Certainly, the economic and social stresses of the COVID-19 crisis have contributed. And the entire nation is a meaner, coarser place these days. But the Seattle I knew was different — better, in so many ways — than other places. It was a town where neither wealth nor poverty were conspicuous. It was a town that prided itself on its clean streets and verdant parks. And it was a town where the integrity of governmental process — albeit often painstakingly slow — was as important as its results.

But just as Tesla Model Xs and Vine scooters have replaced old Volvo 240s on Seattle’s streets (the scooters often abandoned right in the middle of streets, I noticed), all of that has changed. What hasn’t, I hope, is the compassion of Seattle’s citizens. That compassion seems to have taken a perverse form, where the parks where my kids played have been swallowed by tent encampments that not only have degraded treasured public spaces, but that should be viewed as unacceptable habitat for those who are otherwise homeless and deserve better.
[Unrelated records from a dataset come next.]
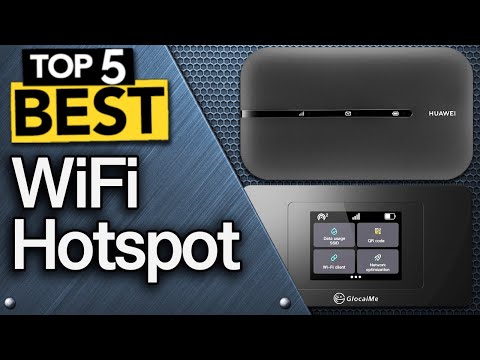✅ Don't buy a Portable WiFi Hotspot until you see this!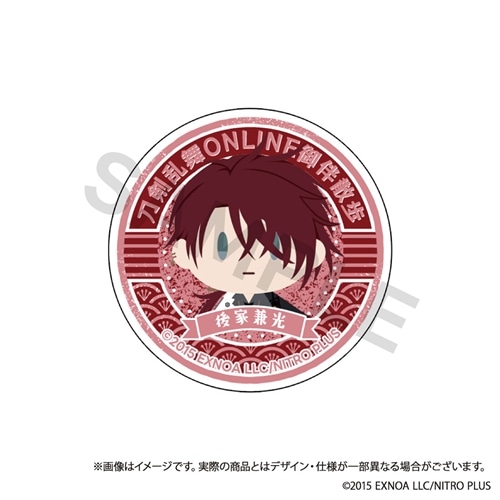 刀剣乱舞ONLINE 御伴散歩 スマホグリップ vol.8 後家兼光: グッズ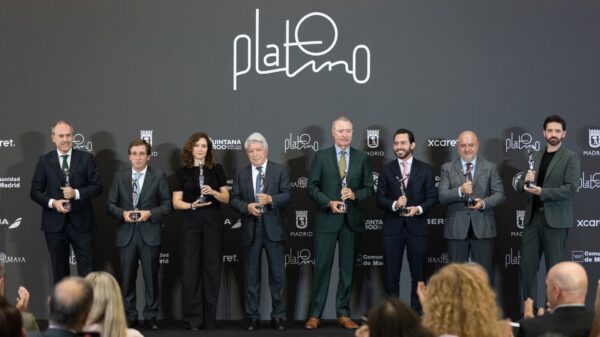 Presentacion XI Premios Platino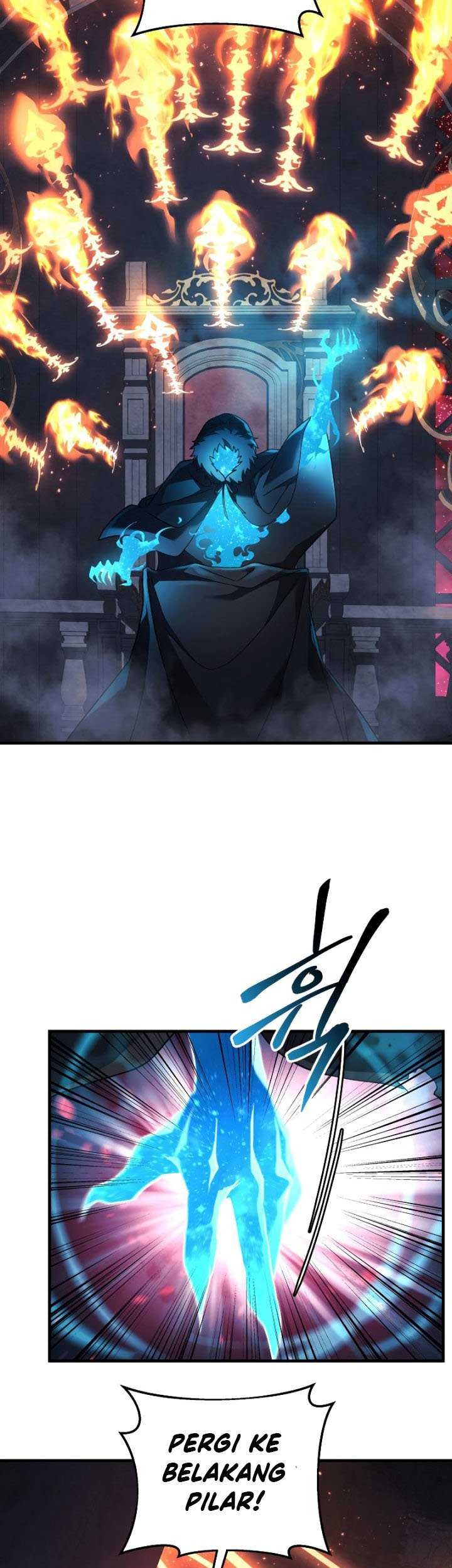 My Daughter Is the Final Boss Chapter 51 - halaman 30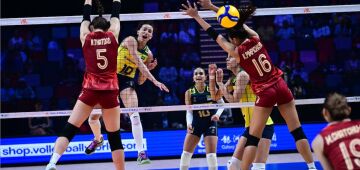 Brasil x Tailândia: favorita, Seleção Feminina de Vôlei enfrenta time da casa nas quartas de final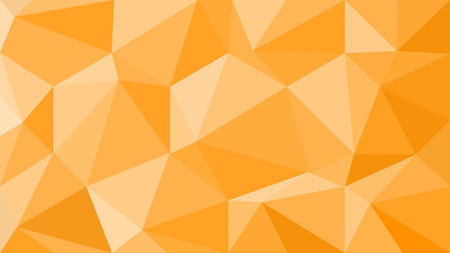 Abstract triangle polygon background. polygon wallpaper vectorのイラスト素材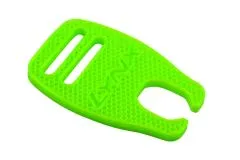 Lynx Rotorblattauflage Ninja Flex in grün für Goblin 630, 700 und 770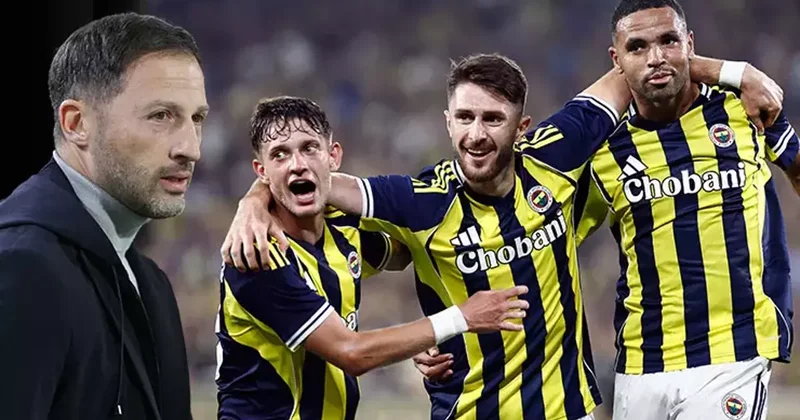 SON DAKİKA TRANSFER GELİŞMESİ! Anlaşma tamam! Fenerbahçe de ayrılık çok yakın Fanatik Gazetesi Futbol Haberleri Spor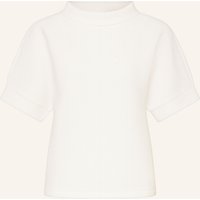 Opus Sweatshirt Gimmo weiss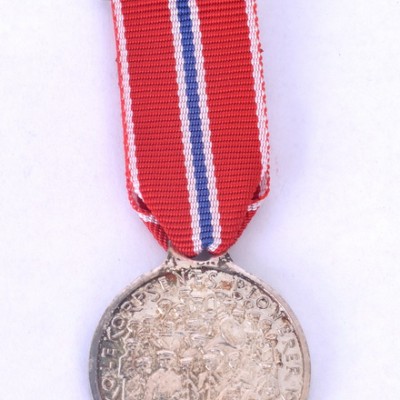 Значок "Школьная группа пионеров Норвегии" Значок "Школьная группа пионеров Норвегии"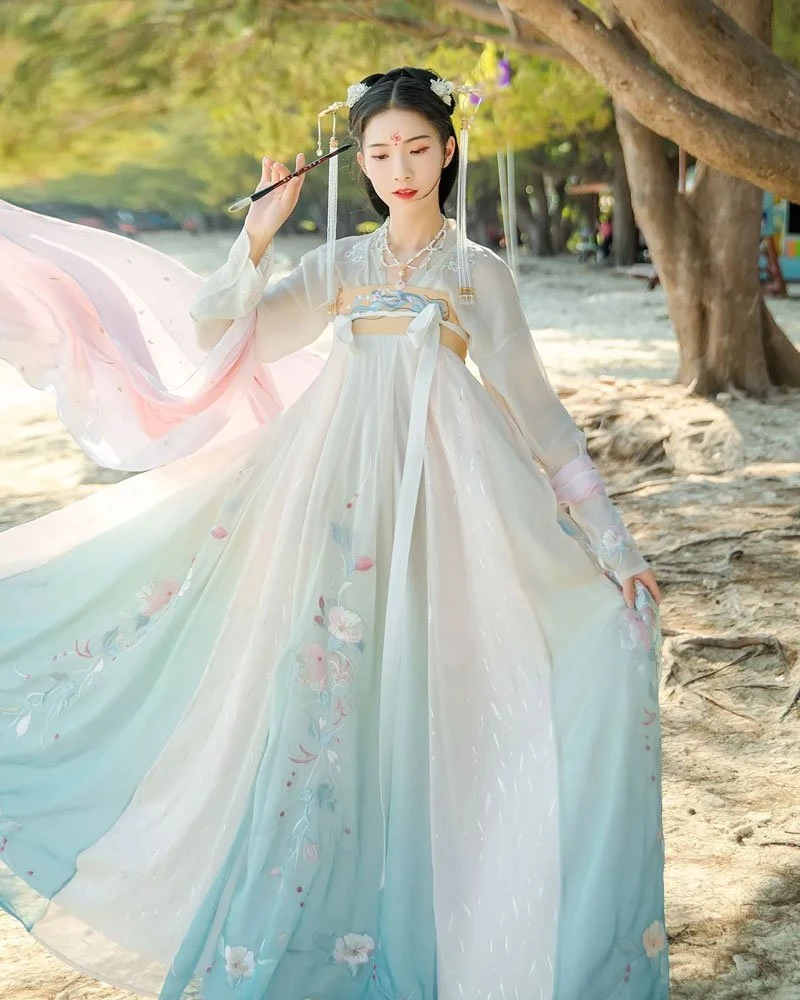 4 Of The Best Parent & Child Hanfu Costume Ideas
In a region that is home to several of the world’s richest companies and people, and in a city with a median household income in the six figures, can Seattle not do better than this?

Of course it can. This erstwhile Ballardite can reflect back to you that your city has all the ingredients to again be among the nation’s most livable: Enormous economic resources that need only be unlocked by meaningful tax reform at the local and state level, so that the “haves” share far more with the “have-nots.” A relatively narrow ideological spectrum from far-left to center-left, where, despite the ugly political theater of City Hall, consensus should be easier to find than in most American cities. Two vastly different newspapers, in The Seattle Times and The Stranger, that are both owned and run by local people who care deeply about this city. And a collective ingenuity that has already changed the world in remarkable ways, and surely can show the rest of America a path forward.

Perhaps, I might suggest, that way forward can begin with this admonition from an old friend who loves you: Be nicer to each other. Please. And thank you.